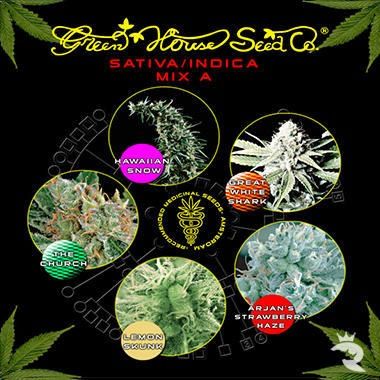 Sativa / Indica A Mischung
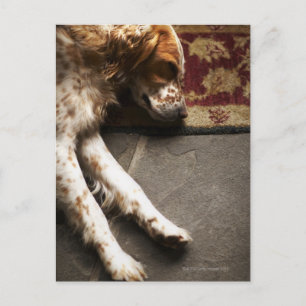 Schlafen Llewelyn Setter Postkarte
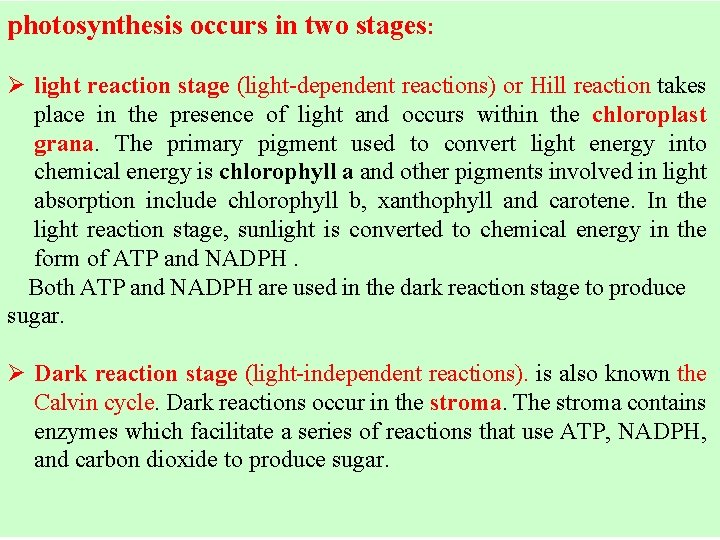 photosynthesis occurs in two stages: Ø light reaction stage (light-dependent reactions) or Hill reaction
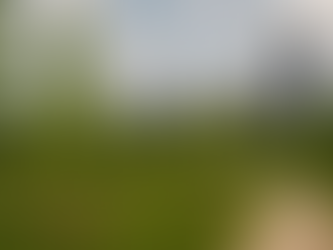 Chicago avança rumo a uma nova paisagem urbana com 90% da meta de plantio já concluída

Task prompt -> The required answer is an exact copy of the lines from the one containing "Schlafen Llewelyn Setter Postkarte" through the last line of the material, with the pictures removed.

Answer area ->
 Schlafen Llewelyn Setter Postkarte
 photosynthesis occurs in two stages: Ø light reaction stage (light-dependent reactions) or Hill reaction
 Chicago avança rumo a uma nova paisagem urbana com 90% da meta de plantio já concluída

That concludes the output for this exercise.